A friend of mine wants to know of a simple method of coloring 440C stainless, other than paint? Something like hot blueing that can be done by the avg person at home. He's got several knife kits he's doing and would like to darken the steel to black, dark gray or similar. Looking for something permanent or semi permanent/durable.

Any helpful suggestions or links?


----------



## HomeBody (Jul 16, 2014)

Winchester's stainless gun barrels came out in the 30's. They couldn't figure out how to blue them so they "Japanned" them, whatever that is. Some sort of paint I suppose. It didn't last and came off quick. People got mad. Winchester abandoned the stainless thing because of this. They sold all remaining stainless barrels in stock for scrap. Fast forward to now...stainless guns everywhere. All bare metal. There is no way to "blue" (as in the traditional sense) stainless that I know of. Gary

Reactions: Thank You! 1


----------



## ripjack13 (Jul 16, 2014)

Thanks Gary....
I hadn't heard of anything and a google search turned up zilch....

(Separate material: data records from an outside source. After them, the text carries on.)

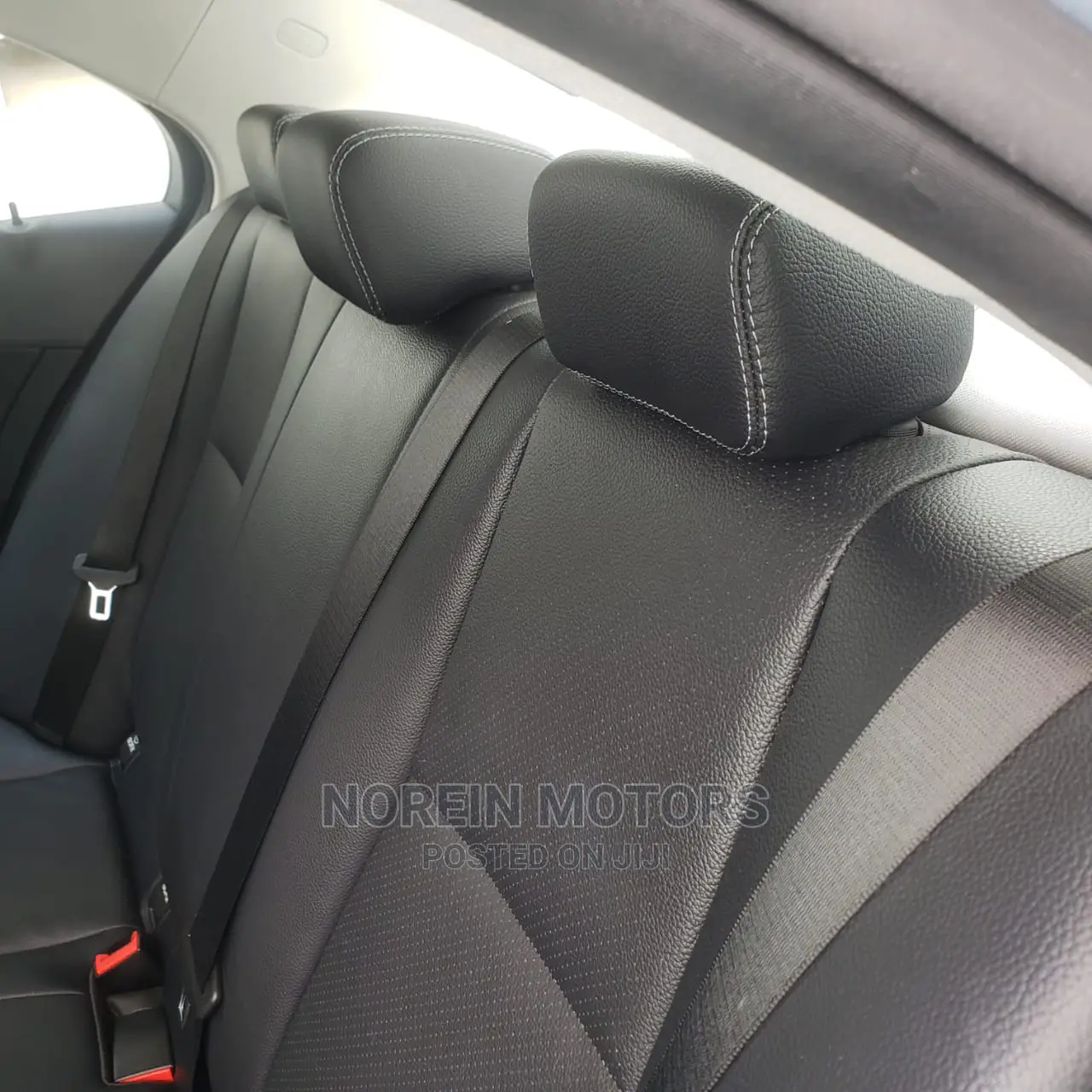 Mercedes-Benz C200 2015 Gray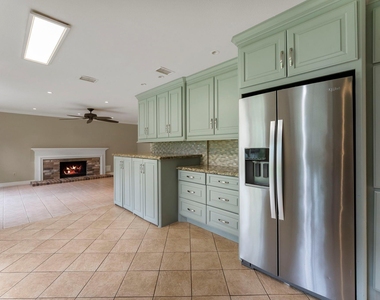27 W Stony Bridge Court - Photo Thumbnail 9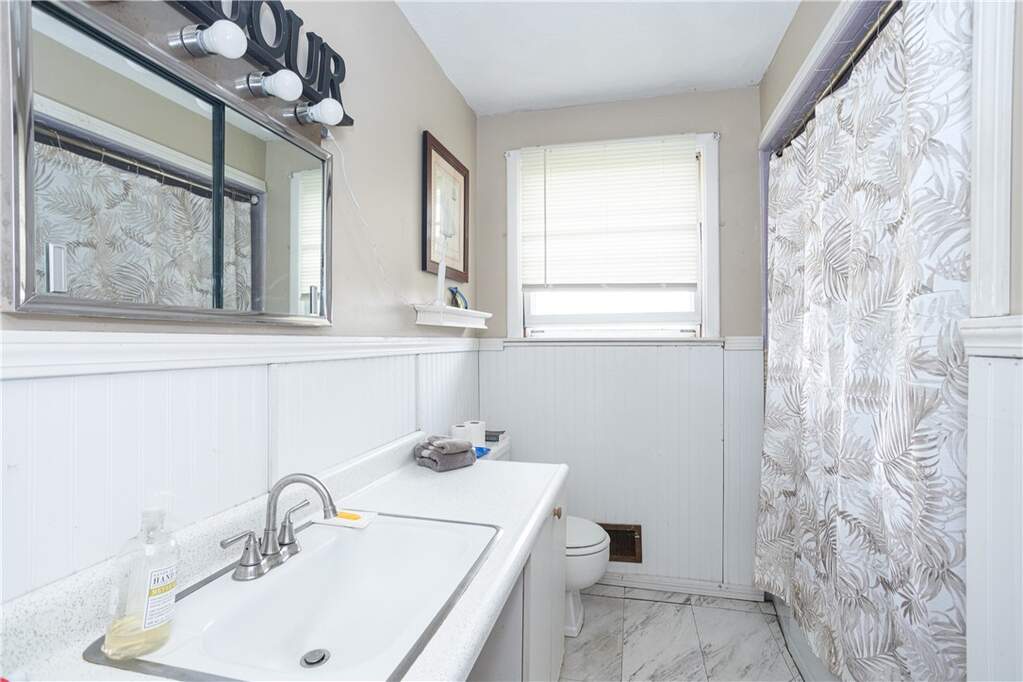 3 Bedroom Single Family Home/House's Image 14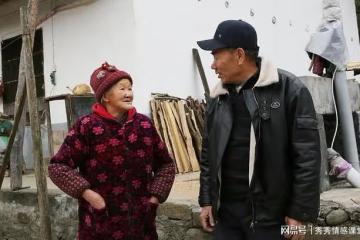 那年我爸出差帶回一個編織袋,奶奶讓他趕緊扔了,結局卻很意外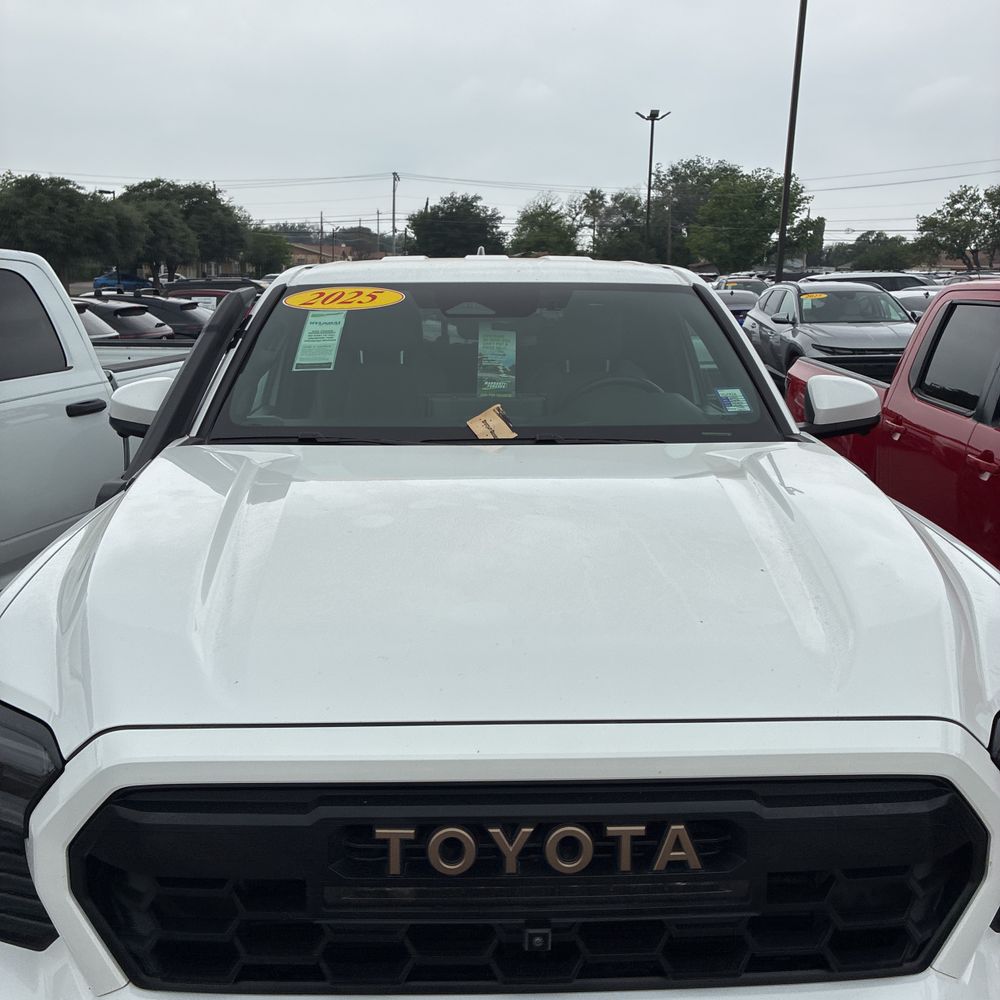 2025 Toyota Tacoma Trailhunter HV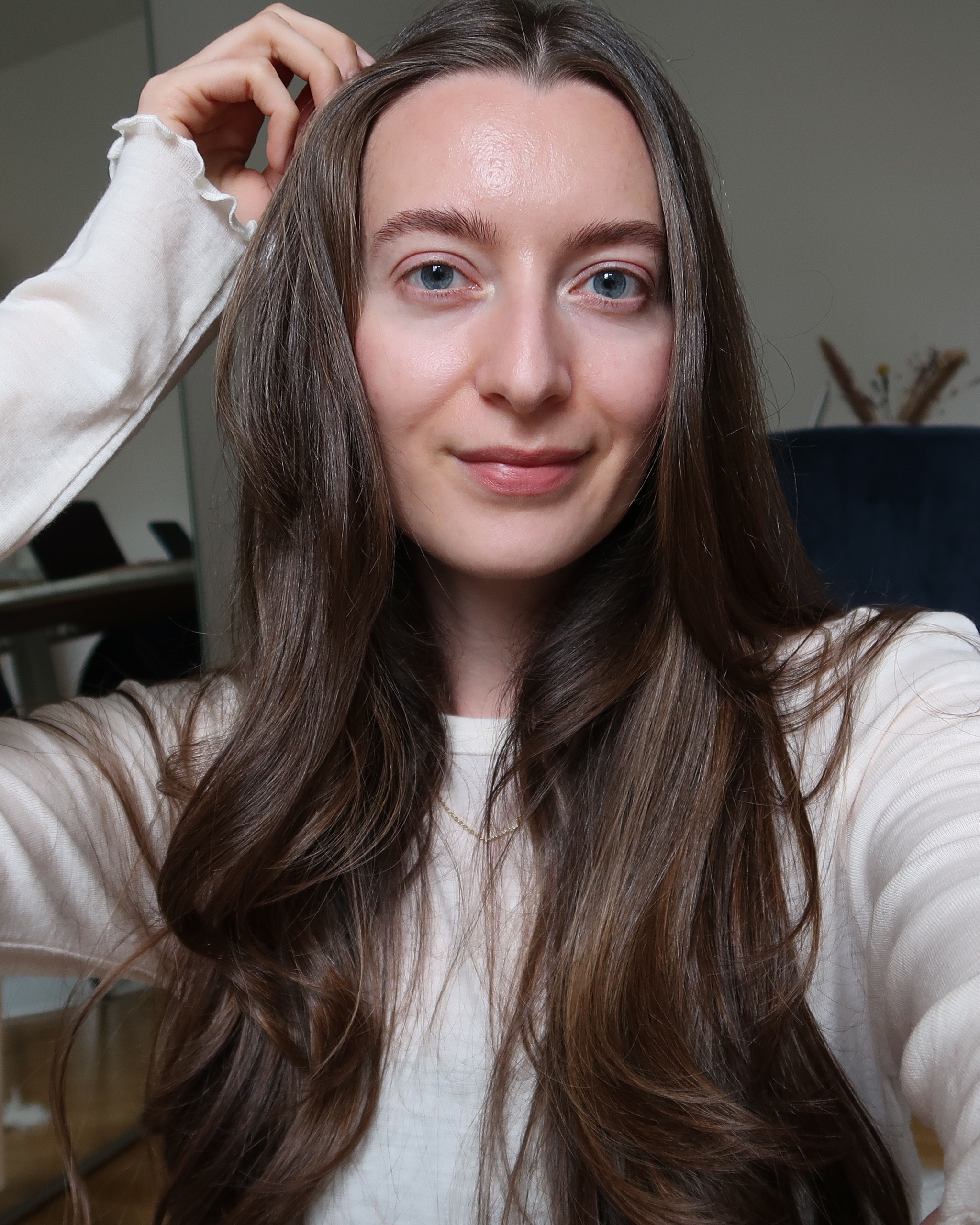 Glowy skin & soft hair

Maybe @Molokai or @Cody Killgore know this too?


----------



## Molokai (Jul 16, 2014)

I think the expert is @robert flynt .

Reactions: Thank You! 1 | Agree 1


----------



## JR Custom Calls (Jul 16, 2014)

@NYWoodturner makes green blades... They just have to be strategically placed under a tree with lots of leaves to show it

Reactions: Funny 4


----------



## robert flynt (Jul 16, 2014)

Check Brownell's web site they have several types of finish you can apply. Some has to be heated after application, some not. I'm sure they will have something that will work for your friend. I don't think regular hot blue will color stainless the color he wants it. I know there is a company that does it but I can't think of the name.

Reactions: Like 1 | Thank You! 1


----------



## ripjack13 (Jul 16, 2014)

Thank you Robert. If the name of the company pops up, It would be appreciated.


----------



## robert flynt (Jul 16, 2014)

Will do.

Reactions: Thank You! 1


----------



## NeilYeag (Aug 7, 2014)

ripjack13 said:


> A friend of mine wants to know of a simple method of coloring 440C stainless, other than paint? Something like hot blueing that can be done by the avg person at home. He's got several knife kits he's doing and would like to darken the steel to black, dark gray or similar. Looking for something permanent or semi permanent/durable.
> 
> Any helpful suggestions or links?


Can not be done at home, but the commercial application for "coloring" stainless (and other metals) is PVD coating. Used in watches, jewelry eye glasses ect. No Idea if there is a supplier in the US that does this on a small scale or not. But it is durable stuff, and comes in a variety of colors.

Reactions: Like 1


----------